Also, can I add like signature fields to that "doc_signatures" page, with a position each one, so when I open the PDF, I detect it has "doc_signatures" already created and that it already has a signature on that page on "Field 1"(with its own X,Y coordinates) so place the second signature on "Field 2" on "doc_signatures" page and "Field 3" for the third signature, and also some type of limmit of the amount of signatures on the document?
I would appreciate if this is a acceptable approach and if it is not, is there any recommendation or something I can do to accomplish this? I would appreciate any other approach or logic for this that can be implemented using PDFBox. Regards everyone.

As you ask this question in general (not PDFBox specific) terms, I'll start by answering similarly. PDFBox is versatile enough to implement the concepts in question.
First, since multiple signatures from different people can be added to the document, the position of the signatures is important due to aesthetics and document printing if needed. Having said this, I would like to know an approach to handle this. What I was thinking was adding/append an additional page at the end of the documents and assign to it some kind of identifier like "doc_signatures", so when the second person opens the document for signature, it detects it already has a "doc_signatures" page created, and just add the signature and save the document using the increment option in PDFBox. Is this a good approach?
Whether this is a good approach or not depends on the nature of the documents to be signed and your influence on the pre-signing workflow of the document.
Paper documents often have dedicated positions for signatures of persons in a specific role.

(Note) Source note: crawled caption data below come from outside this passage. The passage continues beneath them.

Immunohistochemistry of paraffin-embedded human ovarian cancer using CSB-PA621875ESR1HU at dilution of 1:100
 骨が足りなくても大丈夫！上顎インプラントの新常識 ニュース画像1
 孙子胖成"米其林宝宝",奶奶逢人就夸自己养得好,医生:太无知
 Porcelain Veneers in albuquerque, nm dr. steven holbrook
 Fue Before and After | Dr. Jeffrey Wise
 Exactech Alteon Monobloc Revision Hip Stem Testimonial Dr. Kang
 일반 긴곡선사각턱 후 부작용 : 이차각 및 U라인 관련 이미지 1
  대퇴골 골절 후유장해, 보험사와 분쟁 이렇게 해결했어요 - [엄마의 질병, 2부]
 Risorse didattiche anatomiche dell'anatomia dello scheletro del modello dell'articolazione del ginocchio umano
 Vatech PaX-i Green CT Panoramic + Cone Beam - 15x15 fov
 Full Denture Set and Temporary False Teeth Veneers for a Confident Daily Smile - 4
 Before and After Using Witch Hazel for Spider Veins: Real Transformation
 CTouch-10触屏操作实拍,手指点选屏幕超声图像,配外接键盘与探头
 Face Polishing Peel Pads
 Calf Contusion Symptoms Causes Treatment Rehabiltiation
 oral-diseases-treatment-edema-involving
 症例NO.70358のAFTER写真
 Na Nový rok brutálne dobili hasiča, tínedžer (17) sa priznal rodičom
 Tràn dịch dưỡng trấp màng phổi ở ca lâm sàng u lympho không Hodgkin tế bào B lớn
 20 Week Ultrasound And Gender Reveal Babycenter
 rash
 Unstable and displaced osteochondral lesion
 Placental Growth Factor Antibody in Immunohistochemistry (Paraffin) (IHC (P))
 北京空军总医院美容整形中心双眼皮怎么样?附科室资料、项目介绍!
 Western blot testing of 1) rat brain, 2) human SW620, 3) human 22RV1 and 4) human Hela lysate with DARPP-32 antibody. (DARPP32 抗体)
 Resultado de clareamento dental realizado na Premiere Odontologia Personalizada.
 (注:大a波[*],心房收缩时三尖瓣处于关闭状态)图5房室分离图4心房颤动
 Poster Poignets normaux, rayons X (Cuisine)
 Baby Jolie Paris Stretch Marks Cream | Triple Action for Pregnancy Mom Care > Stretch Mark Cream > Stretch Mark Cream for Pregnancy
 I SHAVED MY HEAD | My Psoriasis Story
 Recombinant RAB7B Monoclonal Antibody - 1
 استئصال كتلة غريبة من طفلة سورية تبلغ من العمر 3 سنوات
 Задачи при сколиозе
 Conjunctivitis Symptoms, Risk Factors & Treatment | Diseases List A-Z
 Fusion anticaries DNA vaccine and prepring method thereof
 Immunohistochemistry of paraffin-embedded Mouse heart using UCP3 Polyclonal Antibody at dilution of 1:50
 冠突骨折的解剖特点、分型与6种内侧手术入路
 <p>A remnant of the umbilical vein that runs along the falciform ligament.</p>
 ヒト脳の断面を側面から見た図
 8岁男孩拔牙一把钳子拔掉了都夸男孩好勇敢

If you are buying something and as part of the sales contract acknowledge receipt, your signature has to clearly also sign the receipt part while the signature of the vendor needs not.
In digital PDF signatures you can alternatively make this clear by means of the Reason entry of the signature field value, but as you also want to print the documents, that might not suffice: In print there is no signature field value, only its appearance.
In such a situation the document to sign should already be prepared with empty signature fields positioned appropriately in the document and named or otherwise flagged to signal the role of the person to sign it. This, by the way, would also be the interoperable way, empty signature fields can easily be signed in e.g. Adobe Reader.
If this is not possible, though, and if the software for signing the document has a GUI, this GUI might provide the capabilities for each signer to position his signature appropriately for his signing reason and role.
Otherwise your extra signature page approach would be the approach of choice.
If all signers have the same role, though, or if there at least is no special appropriate position for any of the signing roles, your extra page approach might not merely be a last resort. It even kind of looks like a document resulting from a notarial act.
If it is, is there a way to identify the "doc_signatures" page so I don't append it again.
For PDFs according to the current ISO 32000-1 norm, you could do this using a page-piece dictionary:
A page-piece dictionary may be used to hold private conforming product data. The data may be
associated with a page or form XObject by means of the optional PieceInfo entry in the page object or form dictionary.
(section 14.5 of ISO 32000-1)
It looks like these piece dictionaries will be deprecated in the upcoming ISO 32000-2, though. Thus, a more future-proof approach would be for you to register a developer prefix and use your own key for that endeavor:
Developer
prefixes shall be used to identify extensions to PDF that use First Class names (see below) and that are
intended for public use.
(annex E of ISO 32000-1)
These custom keys don't seem to become deprecated in ISO 32000-2.
Also, can I add like signature fields to that "doc_signatures" page, with a position each one, so when I open the PDF, I detect it has "doc_signatures" already created and that it already has a signature on that page on "Field 1"(with its own X,Y coordinates) so place the second signature on "Field 2" on "doc_signatures" page and "Field 3" for the third signature, and also some type of limmit of the amount of signatures on the document?
You can easily inspect the annotations on your extra page and especially determine their location and extent. Consequently you can arrange additional signatures to your liking on an individual basis. Alternatively you can prepare a fixed number of empty signature fields on that extra page when you create it, arranging the signatures to your liking in one go.
All the above is only possible if the source document has not been signed before! If it already has been signed, adding a new page usually is considered a disallowed change of the document, effectively invalidating that first signature. For allowed and disallowed changes of signed document, see this answer.
Lets say each document type has a specific amount of signatures, for example, A sales document, with seller and buyer signatures, so the approach would be adding too signing fields to the documents and then place the signatures on those fields.. am I correct?
Exactly that is what I would propose: If you know the number and roles of the signers beforehand, prepare empty signature fields for them. In that case you do not even have to mark a signature page or something.
Now, sorry to bother you, with PDFBox will I be able to create signature fields and add signatures to those fields? Is there any example code for that?
Both is possible with PDFBox, but in particular adding a signature to an existing empty signature field may require some own coding.

Related

Is it possible to add a footnote depending on the page contents when using itext?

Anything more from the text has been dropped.